In any case, here's a function to read in the indexes and values from a
sparse array into a hash table. Is there a more efficient way of going
about this.
(defun read-nonzero-lower-diagonal (fname)
(print "Loading similarity matrix...")
(let ((row-index 0)
(column-index 0)
(current-sim-value 0)
(sim-table (make-hash-table :test #'equal)))
(with-open-file (istream fname :direction :input)
(loop
(when (null (peek-char t istream nil nil)) (return))
(setf row-index (read istream nil nil))
(setf column-index (read istream nil nil))
(setf current-sim-value (read istream nil nil))

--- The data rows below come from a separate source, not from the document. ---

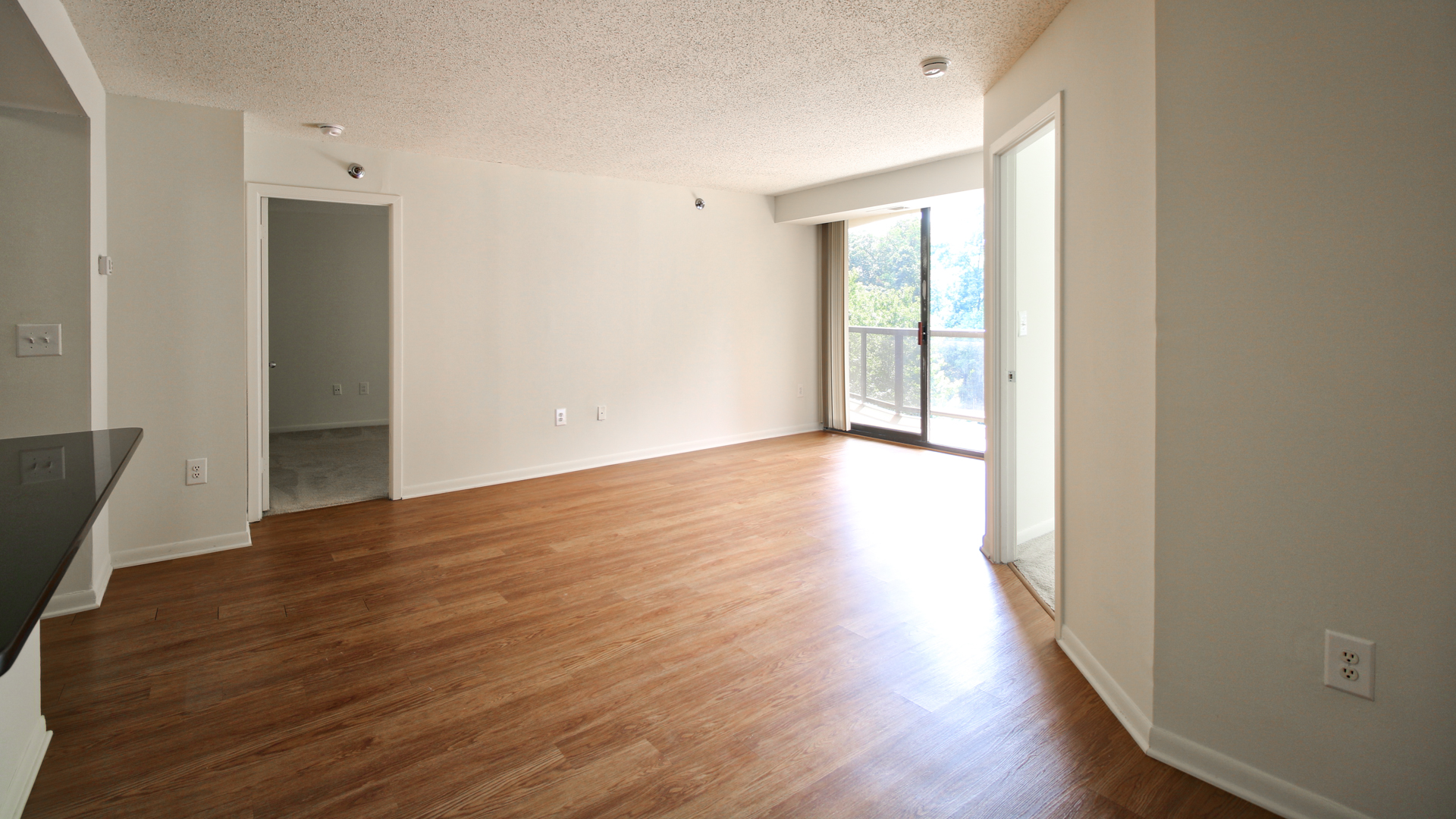 2501 Porter Apartments 3 of 16
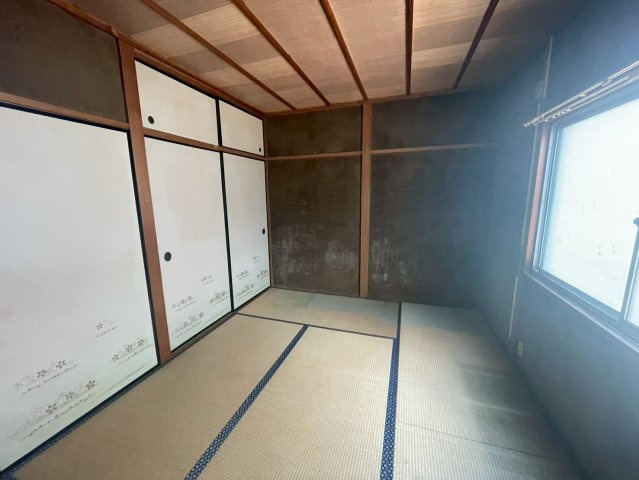 寝屋川市木田元宮2丁目の和室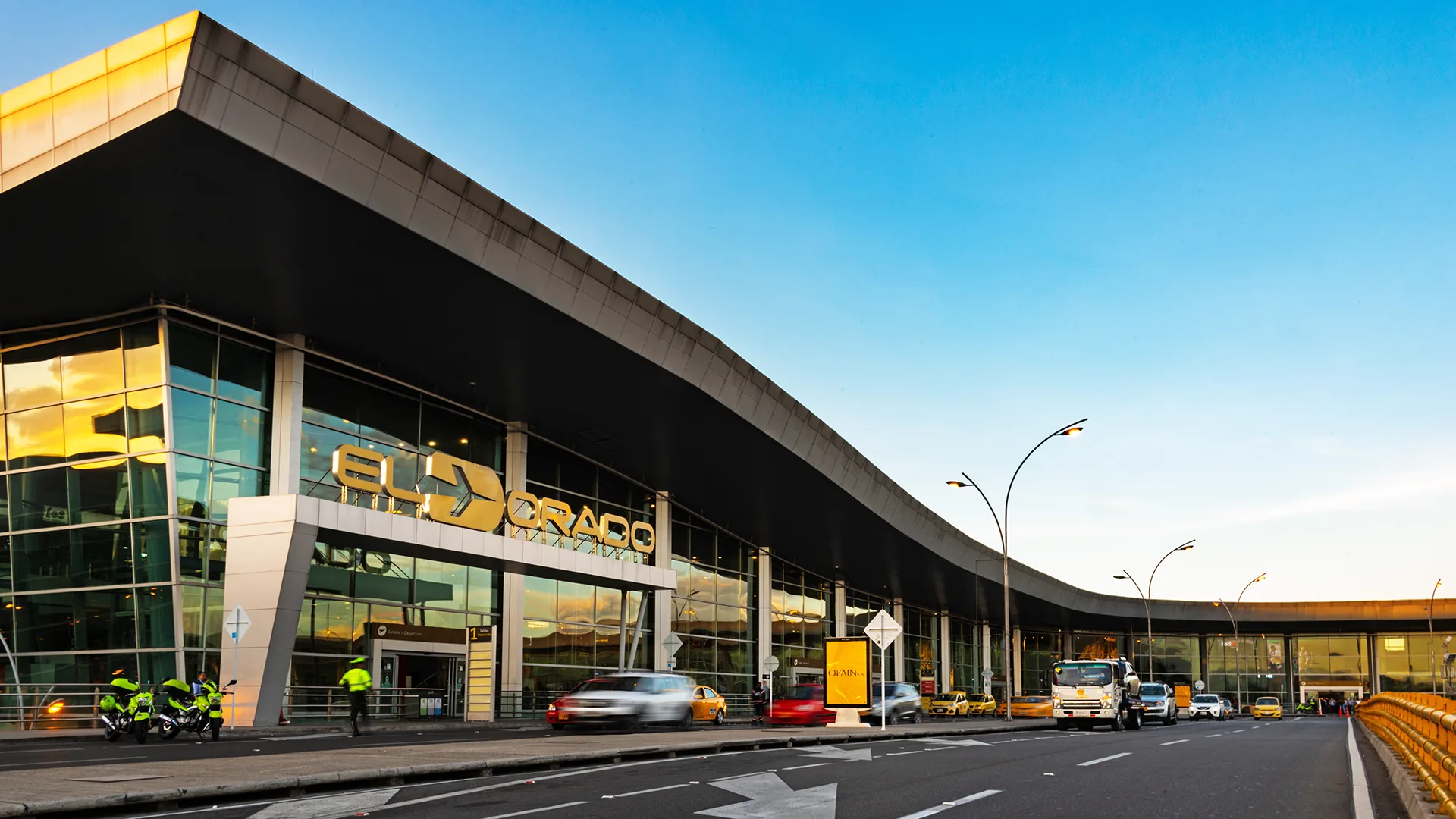 Vista exterior de la terminal del Aeropuerto El Dorado de Bogotá.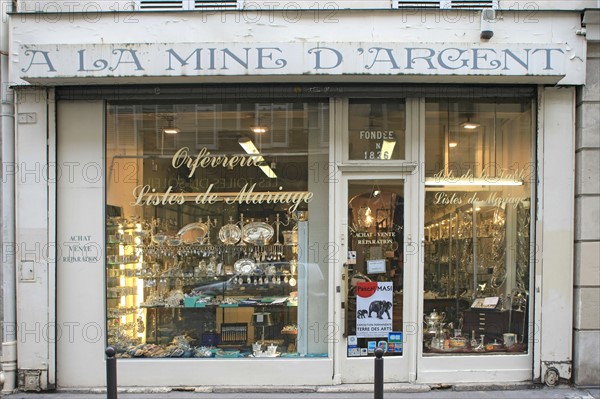 France, ile de france, paris 7e arrondissement, 108 rue du bac, boutique la mine d'argent, mobilier, decoration, argenterie, theieres et chandeliers.
Date : 2011-2012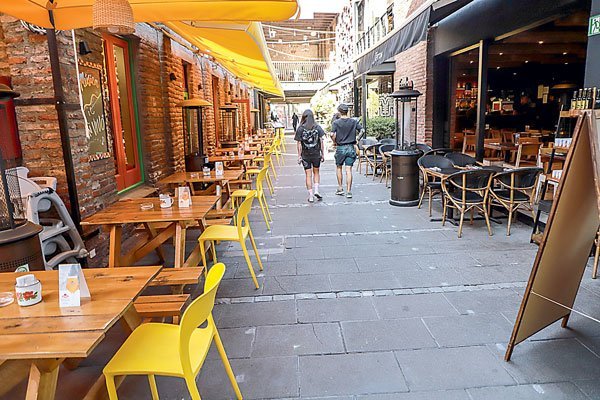 Restaurantes valoran nuevo toque de queda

(setf (gethash (cons row-index column-index) sim-table)
current-sim-value)))
(print "Done loading similarity matrix")
sim-table))
This next one is supposed to read each line from a text file and return
it as a list of symbols (not as a string). It seems almost unbelievably
convoluted to me. Is there a better way?
(defun read-collection (filename)
(with-open-file (istream filename :direction :input)
(let ((collection (make-array 0 :adjustable t :fill-pointer t))
(current-clause '()))
(loop
(cond ((null (peek-char nil istream nil nil)) (return))
;;when next char is end of file return
((char= (peek-char nil istream) #\newline)
;;when next char is newline
(read-char istream)
;;pluck char off of istream
(vector-push-extend current-clause collection)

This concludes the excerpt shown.